Engaged to be married, the two have in common not just musical talent but
a passion for rescue animals, and animals in general -- they share their home
with two large black cats and three Bassett hounds, while one of Patton's horses,
Casidy, roams the surrounding farmland, along with a flock of chickens that provide
way more eggs than they need. Patton offers riding lessons under the business
name Orfeo Acres.
They treat their guests to cappuccinos made fresh with hand-squeezed milk in a
living room dominated by a grand piano. There's also a bust of Beethoven that
Rosenberg has whimsically decorated with fake fur. He says he calls the piece
"Fur Elise," a pun on one of the German composer's most famous compositions.
Their house is packed with orderly shelves filled with music and texts about music.
Originally from New York, Rosenberg lived in Floyd about 30 years ago and even
played in a bluegrass band. He and Patton decided to start the festival here after a
visit.
Their venture is modeled on the Hot Springs Music Festival in Arkansas, which
Rosenberg founded in 1995 with his ex-wife Laura Rosenberg. That festival and
this new one in Floyd focus on education and career training for musicians,
pairing experienced musicians with promising students.
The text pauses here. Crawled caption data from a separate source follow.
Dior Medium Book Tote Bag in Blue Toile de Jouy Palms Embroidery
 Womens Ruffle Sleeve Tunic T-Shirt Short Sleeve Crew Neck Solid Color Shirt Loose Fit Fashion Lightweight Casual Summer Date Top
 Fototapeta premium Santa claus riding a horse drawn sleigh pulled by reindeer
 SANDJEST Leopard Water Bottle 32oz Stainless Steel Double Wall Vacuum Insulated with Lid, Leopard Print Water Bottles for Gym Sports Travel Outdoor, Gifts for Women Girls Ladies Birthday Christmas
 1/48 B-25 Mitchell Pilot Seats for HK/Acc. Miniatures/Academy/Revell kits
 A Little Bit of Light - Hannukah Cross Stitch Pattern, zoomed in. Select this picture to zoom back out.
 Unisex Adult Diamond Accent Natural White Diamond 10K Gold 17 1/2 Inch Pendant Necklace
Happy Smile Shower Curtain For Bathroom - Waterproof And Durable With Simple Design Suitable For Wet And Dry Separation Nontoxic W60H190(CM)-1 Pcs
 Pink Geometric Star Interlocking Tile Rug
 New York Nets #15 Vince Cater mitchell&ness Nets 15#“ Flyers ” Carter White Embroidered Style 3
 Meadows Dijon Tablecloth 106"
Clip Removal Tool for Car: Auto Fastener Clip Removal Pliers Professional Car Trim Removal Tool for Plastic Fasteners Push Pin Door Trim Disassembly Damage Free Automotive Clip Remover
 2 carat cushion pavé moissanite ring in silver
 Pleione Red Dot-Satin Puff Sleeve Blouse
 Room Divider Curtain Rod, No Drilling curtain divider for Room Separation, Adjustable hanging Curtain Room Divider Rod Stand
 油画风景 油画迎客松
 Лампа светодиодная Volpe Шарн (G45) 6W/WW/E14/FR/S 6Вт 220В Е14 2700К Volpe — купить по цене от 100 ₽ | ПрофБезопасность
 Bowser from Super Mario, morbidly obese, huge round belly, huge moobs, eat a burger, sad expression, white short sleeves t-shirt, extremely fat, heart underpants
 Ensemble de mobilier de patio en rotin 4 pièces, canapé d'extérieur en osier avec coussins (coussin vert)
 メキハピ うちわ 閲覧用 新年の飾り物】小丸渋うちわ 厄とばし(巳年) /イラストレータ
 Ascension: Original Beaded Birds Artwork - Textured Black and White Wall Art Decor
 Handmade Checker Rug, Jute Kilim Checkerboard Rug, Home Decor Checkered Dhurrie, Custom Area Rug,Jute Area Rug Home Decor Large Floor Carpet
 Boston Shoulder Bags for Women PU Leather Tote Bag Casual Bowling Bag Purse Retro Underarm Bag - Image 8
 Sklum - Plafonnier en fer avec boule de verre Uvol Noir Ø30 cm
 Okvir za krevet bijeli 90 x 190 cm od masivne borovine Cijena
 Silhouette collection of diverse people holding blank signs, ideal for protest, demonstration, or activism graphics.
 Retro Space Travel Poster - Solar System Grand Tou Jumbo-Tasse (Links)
"What we do is try to teach them how to make that transition, under tutelage of
mentors who have done it successfully," Rosenberg said. "How to read a contract,
how to avoid stress injuries," and things to keep in mind when deciding what kind
of career to pursue.
Sales haven't caught fire yet. Patton said May 11 in an email that they've sold 15
of their $150 festival passes. They don't expect tickets to the individual performances
 to start selling until closer to the performance times.
"There are many of us who are wondering if this is too ambitious for the first year,
" McEnhill said. On the other hand, "all great things have to start someplace."
Patton said she and Rosenberg decided not to start small because there needed to
 be enough events to justify a two-week stay for those flying in, enough people involved
 to constitute a full orchestra for performances, and because they wanted people to
 experience the event as they envisioned it.
In fact, they hope to expand the scope of the festival in years to come, adding
training and performances for chorus, saxophone, guitar and other disciplines.
McEnhill noted that FloydFest, which had some setbacks when it first started,
adapted and persevered to become a showcase event.
"I think that's probably going to be true of the music festival," he said. "I think
what Richard and Caitlin are bringing to the community is a new aspect to music."
There will be some history-making performances during the festival's course.
Another of Rosenberg's passions involves finding and restoring long-lost compositions.
He recently transcribed the score to an opera he discovered in the Harvard library written
by Edmond Dede, the first American black composer to publish music in the United States.
Born in New Orleans in 1829, Dede went on to have a career as a conductor in Paris.
The opera "Le Sultan d'Isaphan" was never performed while Dede was alive.
The overture to Dede's opera will have its world premiere June 11 during the festival's
final concert.
Recordings of concerts Rosenberg conducted in the Hot Springs festival have won
 Grammy award nominations. He said he intends to make recordings of the Floyd
performances as well.
In the meantime, they're still looking for donations, and for volunteers.
Much of the donations they've received have been in-kind, with people volunteering
to house mentors and students in their homes. They're seeking other volunteer help,
such as drivers to bring the musicians to Floyd from the Roanoke Regional Airport.
Should the event take off, and become a county fixture in the way the couple hopes,
the house they live in now might become the festival office after they build their
own home.
"We've been toying with the idea of putting up a yurt," Patton said.